From 403cfe5d707d0965218418b8e1e21caf5288fd65 Mon Sep 17 00:00:00 2001
From: Sanjay Patel <spatel@rotateright.com>
Date: Fri, 28 May 2021 12:33:54 -0400
Subject: [PATCH] [PassManager] unify late simplifycfg options between regular
 and LTO pipelines

This is split off from D102002, and I think it is clear that
the difference in behavior was not intended. Options were
added to SimplifyCFG over time, but different chunks of
the pass pipelines were not kept in sync.
---
 llvm/lib/Passes/PassBuilder.cpp                    | 35 ++++++++++-----------
 llvm/lib/Transforms/IPO/PassManagerBuilder.cpp     | 36 ++++++++++------------
 .../PhaseOrdering/X86/simplifycfg-late.ll          | 34 ++++++--------------
 3 files changed, 41 insertions(+), 64 deletions(-)

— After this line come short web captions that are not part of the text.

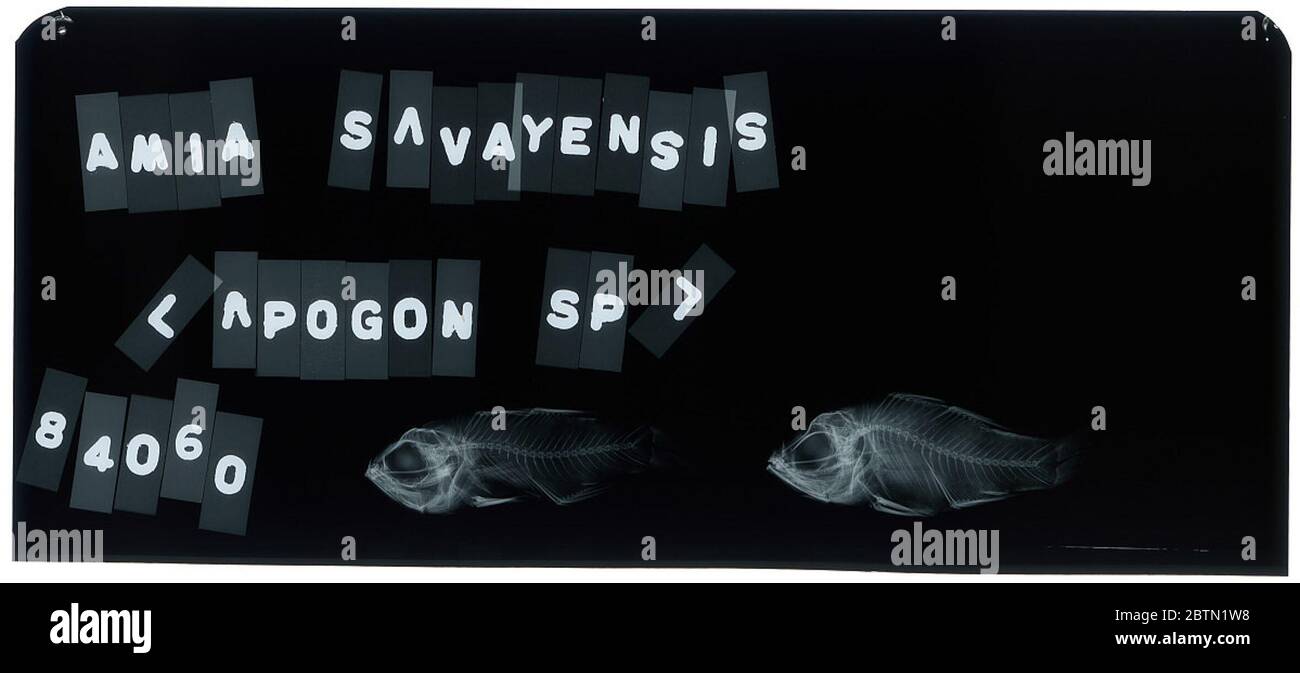 Nectamia savayensis. 25 Ott 20181 Foto Stock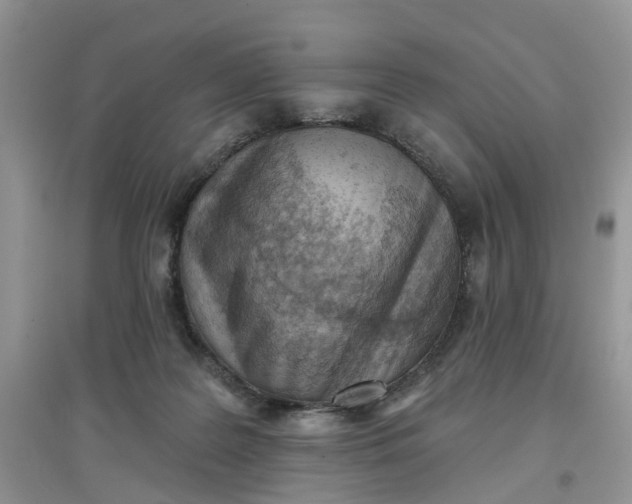 X0000097650219200803142117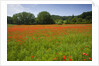Poppy field, Chiusi, Italy by Anonymous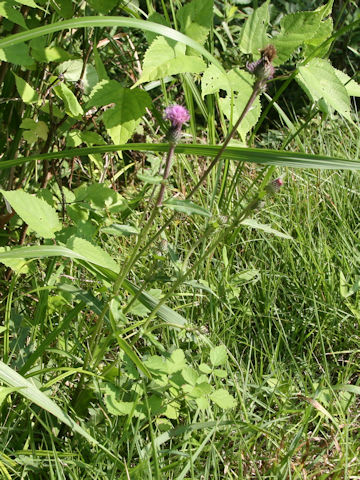 Cirsium tanakae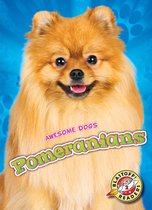 Awesome Dogs - Pomeranians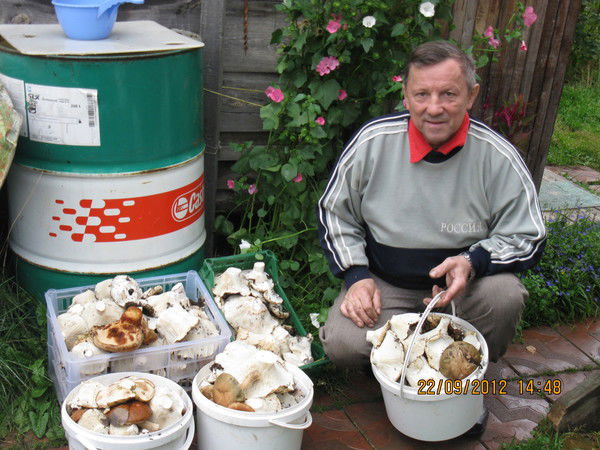 Владимир Лихачёв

diff --git a/llvm/lib/Passes/PassBuilder.cpp b/llvm/lib/Passes/PassBuilder.cpp
index b39481d..2e782fe 100644
--- a/llvm/lib/Passes/PassBuilder.cpp
+++ b/llvm/lib/Passes/PassBuilder.cpp
@@ -1246,25 +1246,22 @@ void PassBuilder::addVectorPasses(OptimizationLevel Level,
     FPM.addPass(InstCombinePass());
   }
 
-  if (IsLTO) {
-    FPM.addPass(SimplifyCFGPass(SimplifyCFGOptions().hoistCommonInsts(true)));
-  } else {
-    // Now that we've formed fast to execute loop structures, we do further
-    // optimizations. These are run afterward as they might block doing complex
-    // analyses and transforms such as what are needed for loop vectorization.
-
-    // Cleanup after loop vectorization, etc. Simplification passes like CVP and
-    // GVN, loop transforms, and others have already run, so it's now better to
-    // convert to more optimized IR using more aggressive simplify CFG options.
-    // The extra sinking transform can create larger basic blocks, so do this
-    // before SLP vectorization.
-    FPM.addPass(SimplifyCFGPass(SimplifyCFGOptions()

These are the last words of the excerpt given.